-- What you need to do --
Nothing outside the stretch is wanted. Repeat exactly the lines of the listing below from the one that contains "Tersenyum Manis dan" through the one that contains "В Ленино-Кокушкино на", both ends included.

-- Records provided --
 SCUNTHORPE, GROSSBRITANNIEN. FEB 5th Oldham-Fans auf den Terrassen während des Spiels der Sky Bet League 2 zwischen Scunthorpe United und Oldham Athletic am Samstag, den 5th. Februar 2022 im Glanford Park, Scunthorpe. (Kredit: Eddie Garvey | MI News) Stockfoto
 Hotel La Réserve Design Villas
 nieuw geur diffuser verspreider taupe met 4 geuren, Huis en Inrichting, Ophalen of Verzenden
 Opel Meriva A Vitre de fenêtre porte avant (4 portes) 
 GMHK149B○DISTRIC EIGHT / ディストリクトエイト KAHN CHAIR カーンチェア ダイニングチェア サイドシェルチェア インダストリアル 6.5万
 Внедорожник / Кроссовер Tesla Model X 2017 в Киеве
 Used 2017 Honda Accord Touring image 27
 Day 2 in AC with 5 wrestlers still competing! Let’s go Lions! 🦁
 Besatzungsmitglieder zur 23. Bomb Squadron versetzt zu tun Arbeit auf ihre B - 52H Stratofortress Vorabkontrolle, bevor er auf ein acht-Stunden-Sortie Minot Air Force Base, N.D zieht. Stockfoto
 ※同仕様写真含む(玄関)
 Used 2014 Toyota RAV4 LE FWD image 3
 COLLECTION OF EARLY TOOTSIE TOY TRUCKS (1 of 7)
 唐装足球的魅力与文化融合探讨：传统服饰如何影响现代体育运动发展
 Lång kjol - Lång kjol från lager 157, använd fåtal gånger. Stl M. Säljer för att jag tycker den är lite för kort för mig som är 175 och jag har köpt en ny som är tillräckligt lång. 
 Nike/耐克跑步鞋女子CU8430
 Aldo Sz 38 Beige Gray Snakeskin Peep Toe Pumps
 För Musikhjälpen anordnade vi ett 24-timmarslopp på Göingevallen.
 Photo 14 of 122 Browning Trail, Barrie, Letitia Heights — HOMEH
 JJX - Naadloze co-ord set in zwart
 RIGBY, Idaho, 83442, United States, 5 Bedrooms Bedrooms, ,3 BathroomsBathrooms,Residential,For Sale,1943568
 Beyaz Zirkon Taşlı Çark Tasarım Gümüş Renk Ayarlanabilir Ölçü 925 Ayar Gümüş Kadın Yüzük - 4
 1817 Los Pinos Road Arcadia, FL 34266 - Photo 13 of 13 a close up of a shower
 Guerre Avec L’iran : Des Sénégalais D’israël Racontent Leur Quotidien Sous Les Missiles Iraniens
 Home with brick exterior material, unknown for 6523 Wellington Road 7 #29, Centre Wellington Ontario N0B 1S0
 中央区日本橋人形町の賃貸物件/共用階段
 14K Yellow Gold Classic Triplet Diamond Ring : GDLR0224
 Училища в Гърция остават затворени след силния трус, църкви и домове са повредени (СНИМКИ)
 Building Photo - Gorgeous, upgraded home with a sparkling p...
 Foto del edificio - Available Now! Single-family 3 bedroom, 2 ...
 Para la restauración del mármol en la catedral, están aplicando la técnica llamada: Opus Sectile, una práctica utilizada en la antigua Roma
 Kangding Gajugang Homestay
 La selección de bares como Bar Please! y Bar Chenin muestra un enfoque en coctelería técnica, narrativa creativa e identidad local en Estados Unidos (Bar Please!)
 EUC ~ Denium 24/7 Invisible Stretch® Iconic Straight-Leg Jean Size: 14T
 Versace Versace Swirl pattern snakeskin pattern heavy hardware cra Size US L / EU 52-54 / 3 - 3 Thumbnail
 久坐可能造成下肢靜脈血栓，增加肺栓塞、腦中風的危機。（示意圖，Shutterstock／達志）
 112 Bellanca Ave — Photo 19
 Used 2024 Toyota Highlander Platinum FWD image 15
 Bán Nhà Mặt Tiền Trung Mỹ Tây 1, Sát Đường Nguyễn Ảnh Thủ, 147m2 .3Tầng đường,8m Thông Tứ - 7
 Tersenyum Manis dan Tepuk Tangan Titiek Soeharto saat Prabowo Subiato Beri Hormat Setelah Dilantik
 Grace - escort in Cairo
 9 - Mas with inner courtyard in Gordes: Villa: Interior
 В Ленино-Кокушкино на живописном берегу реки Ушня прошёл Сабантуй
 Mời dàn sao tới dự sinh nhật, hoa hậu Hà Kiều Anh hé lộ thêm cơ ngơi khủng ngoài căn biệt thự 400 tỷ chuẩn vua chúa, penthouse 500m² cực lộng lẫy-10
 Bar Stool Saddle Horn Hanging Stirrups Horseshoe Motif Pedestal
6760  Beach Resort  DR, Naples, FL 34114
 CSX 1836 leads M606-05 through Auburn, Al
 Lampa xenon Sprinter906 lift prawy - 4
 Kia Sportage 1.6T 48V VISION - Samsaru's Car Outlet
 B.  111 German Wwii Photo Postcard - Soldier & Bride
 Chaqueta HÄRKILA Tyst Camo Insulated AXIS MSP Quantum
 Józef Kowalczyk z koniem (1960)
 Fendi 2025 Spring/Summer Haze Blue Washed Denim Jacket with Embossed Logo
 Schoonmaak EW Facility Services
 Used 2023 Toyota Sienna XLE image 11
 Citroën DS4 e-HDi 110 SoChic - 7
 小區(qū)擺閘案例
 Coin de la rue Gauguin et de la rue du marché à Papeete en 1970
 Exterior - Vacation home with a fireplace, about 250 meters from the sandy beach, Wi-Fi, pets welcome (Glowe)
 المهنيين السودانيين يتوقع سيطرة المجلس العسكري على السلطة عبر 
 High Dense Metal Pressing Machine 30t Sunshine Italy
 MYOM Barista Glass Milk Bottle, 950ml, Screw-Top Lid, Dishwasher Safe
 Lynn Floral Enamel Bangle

-- Exercise output --
 Tersenyum Manis dan Tepuk Tangan Titiek Soeharto saat Prabowo Subiato Beri Hormat Setelah Dilantik
 Grace - escort in Cairo
 9 - Mas with inner courtyard in Gordes: Villa: Interior
 В Ленино-Кокушкино на живописном берегу реки Ушня прошёл Сабантуй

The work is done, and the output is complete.